Dr. Anthony Mazo is a highly rated specialist here in Melbourne, Florida.
One of the first physicians to research and study cannabis since 2016 when it was legalized in Florida, Dr. Mazo is not quick to prescribe traditional synthetic chemicals when he knows that this gentle live plant therapy will likely give the needed relief.
I know this to be true because I had to see him for my own old lady neuropathy issues. He did not prescribe the usual synthetic stuff. He told me to go get a particular kind of cannabis instead… and use it in a specific way to find relief.
And that is what every doctor in America should have in their little black bag.
His clinic details will be in my show notes for you.
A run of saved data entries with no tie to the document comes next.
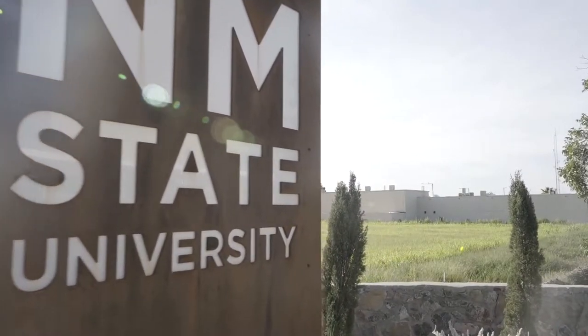Welcome to NMSU. I am Deanna Dugas, the Director for Instruction and Research Support here in ICT, and the NMSU lead for the Cyber Infrastructure Team.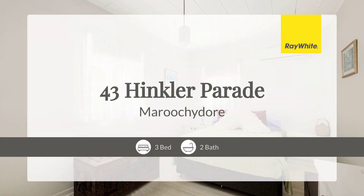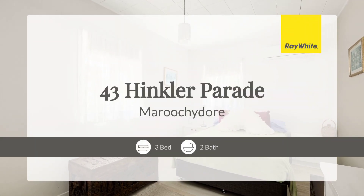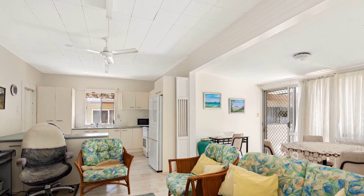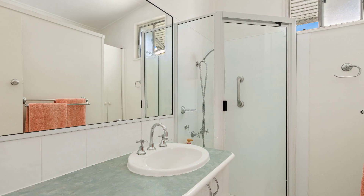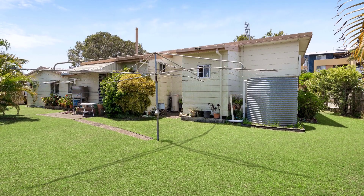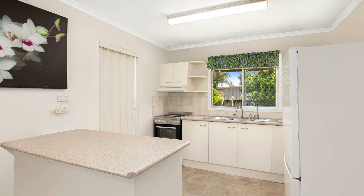For the first time in over 40 years, in the highly sought-after Cotton Tree precinct, this residence consists of two-bedroom and one-bathroom self-contained wings and an adjoining laundry on a generous 678 square meter block.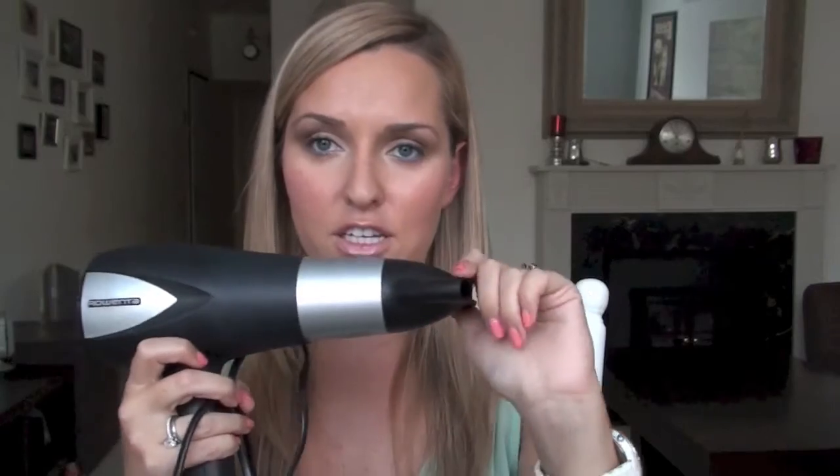In terms of blow drying — I blow dried my hair today, as you can see — I use the Rowenta Pro Elite model. It's the Ionic 2200 watt ceramic, with a screw-on nozzle and a diffuser attachment. I love it because you can control three different power volumes and three different heat settings. It goes really, really hot. When I blow dry, I use round brushes that have ceramic backing.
Why? Because he’s a trusted cannabis expert in the field of neurology. Dr.Anthony Mazo, a great friend to all of us.
In Melbourne, FL at the Brevard Neuro Center.
Bling
Seg 2
Rebecca Baron 0:00
And then one of the, one of the psychiatrists I work with, she came up to me I would say maybe, you know, just in the last couple of months, and she has really bad arthritis, and she said, I’m really thinking of trying CBD, but I’m afraid I’m gonna get addicted.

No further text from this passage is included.